Animal peptides are also showing potential in the treatment of the 80 known autoimmune diseases, which describe conditions in which the body turns on itself, such as multiple sclerosis, psoriasis rheumatoid arthritis, lupus and diabetes.
“There are literally thousands of peptides to choose from – in the old days we would have to grind up some poor organism, isolate a few peptides from them and test them against various targets, but now we don’t have to do that anymore. We have all the peptide sequences in our databases,” says Ray Norton of Australia’s Monash University. “Now the challenge is knowing what to work on.”
Millions of years of evolution mean venoms are exquisitely targeted to other animals’ nervous systems (Credit: Getty Images)
Mande Holford, an associate professor in chemistry at Hunter College in New York City who studies how venoms can be used to discover drugs for pain and cancer, says it goes deeper than just finding new drugs: venoms also offer the opportunity to answer big questions about evolution.
“This is a chance to achieve not just Moon shots, but Jupiter shots: how can we figure out how venom evolved and use this for the benefit of humanity?” she asks.
Scientists are now diving into the biological wealth of animal peptides to tackle a new threat: the novel coronavirus. Zachary Crook, lead protein scientist in the Jim Olson Lab at the Fred Hutchinson Cancer Research Center, has started looking through databases of peptides from a range of animals in a search for peptides that could either bind to the “spike protein” on the surface of the virus, or to the ACE-2 receptor on human cells which the virus attaches to, in order to prevent it from exerting its effects. “Our eventual goal is a drug administered by a puff from an inhaler or nebuliser which can halt the infection in its tracks,” says Crook.
Despite the many applications of animal peptides, however, time to find new solutions may be running out.

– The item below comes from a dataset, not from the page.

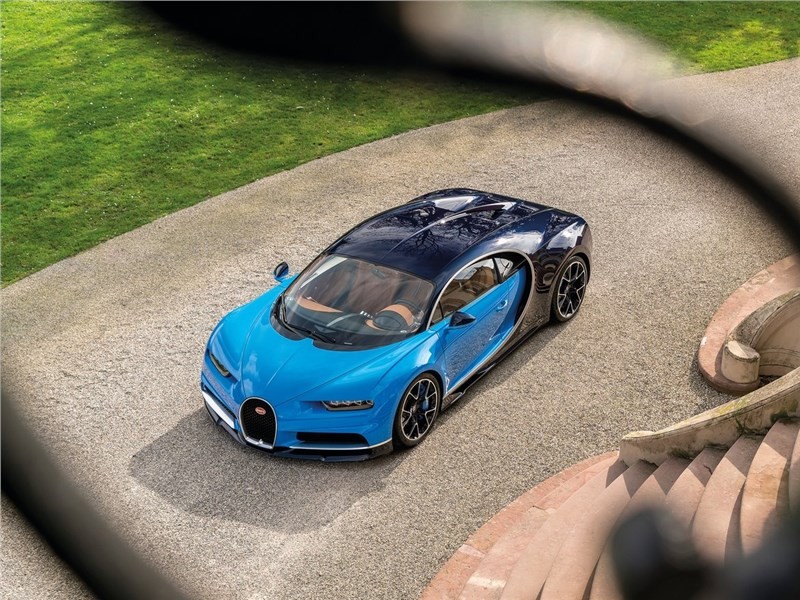 Bugatti не перейдет на выпуск электрокаров и кроссоверов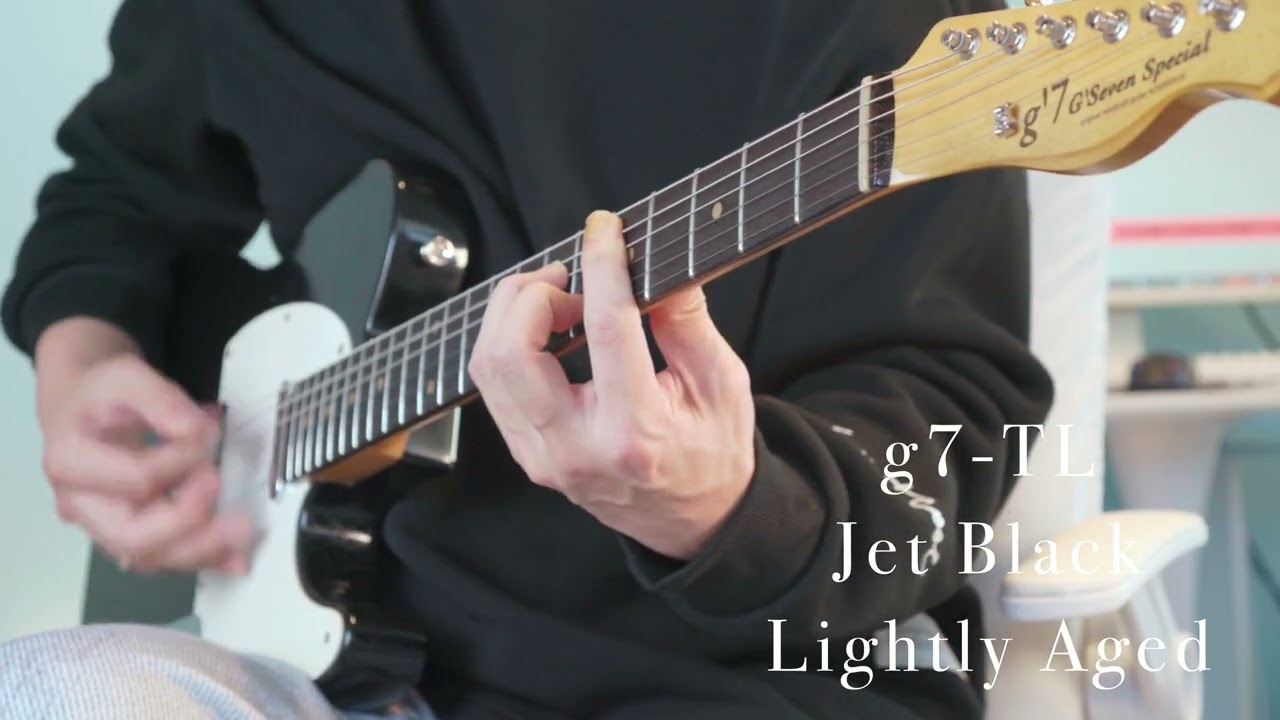【g'7 Special】g7-TL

Thanks to the biodiversity crisis, every year thousands of species go extinct, often before we’ve even discovered them or had the chance to sequence their genome.

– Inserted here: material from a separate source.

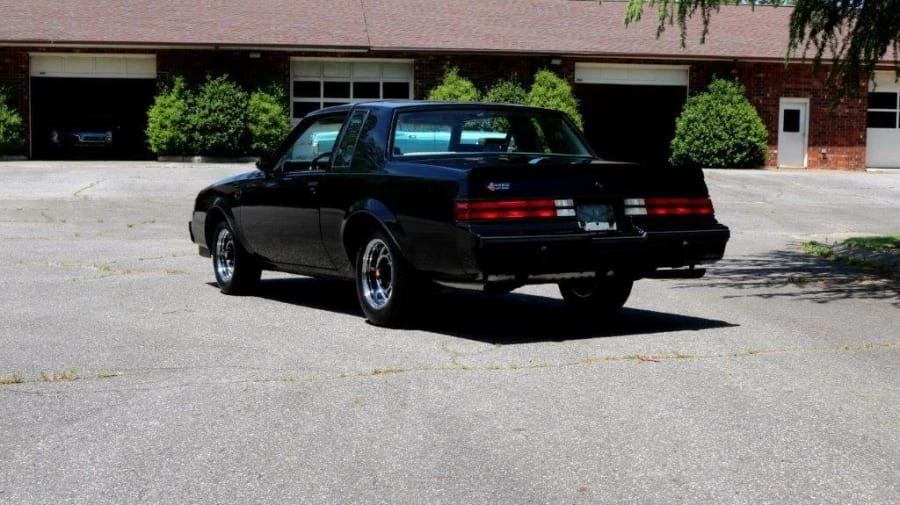 1987 Buick Grand National - Image 3 of 12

“The scientific evidence is pretty solid that we will hit an inflection point where it will be hard to recover this trend, and we will lose a lot of species – the next 10 years are important for us to bin that curve and try to restore, protect, and learn from the biodiversity we have on this planet,” says Holford.
Now, as always, nature can provide us both with cures as well as scourges – and there are perhaps few examples of this more potent than animal toxins.